_EXERCISE DETAILS_
Print out the data precisely as it appears here, with no pictures.

_DATA_
━━━
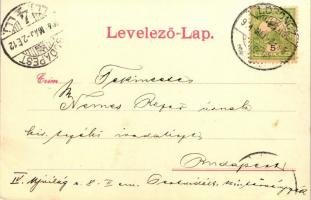 Gács, Vár; Redlinger Ignácz kiadása / castle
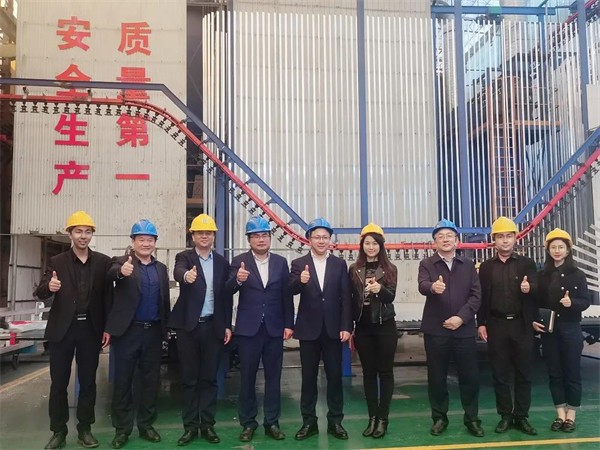 高登铝材|江苏省新沂市市长李胜一行莅临现场调研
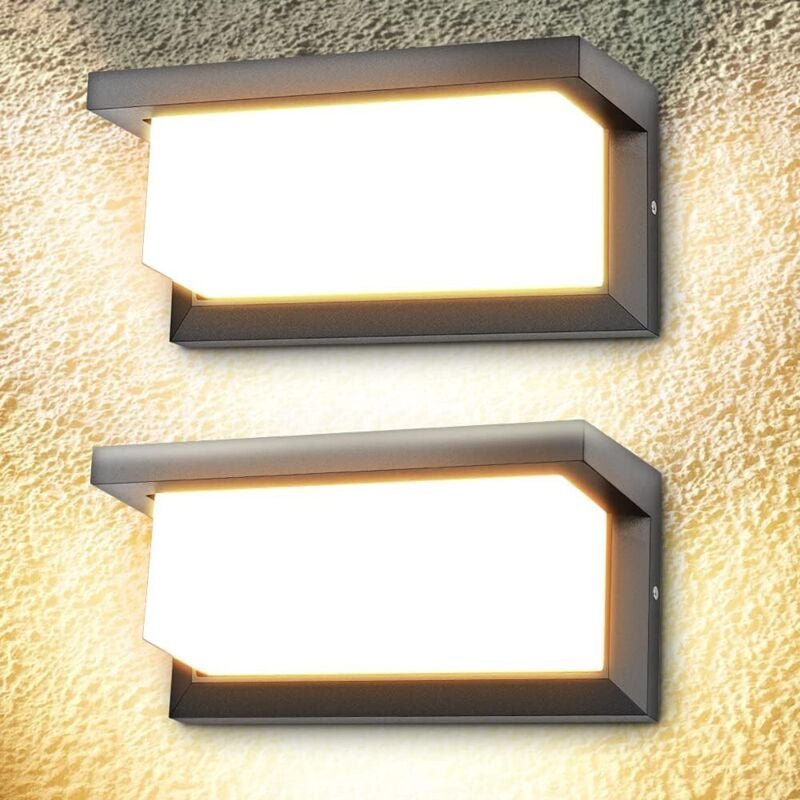 18W LED-Außenwandleuchte mit modernem Sport, wasserdichte Außenwandleuchte, 3000K Warmweiß, LED-Wandleuchte, IP65 wasser...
━━━
_ANSWER FOR THE TASK_
 Gács, Vár; Redlinger Ignácz kiadása / castle
 高登铝材|江苏省新沂市市长李胜一行莅临现场调研
 18W LED-Außenwandleuchte mit modernem Sport, wasserdichte Außenwandleuchte, 3000K Warmweiß, LED-Wandleuchte, IP65 wasser...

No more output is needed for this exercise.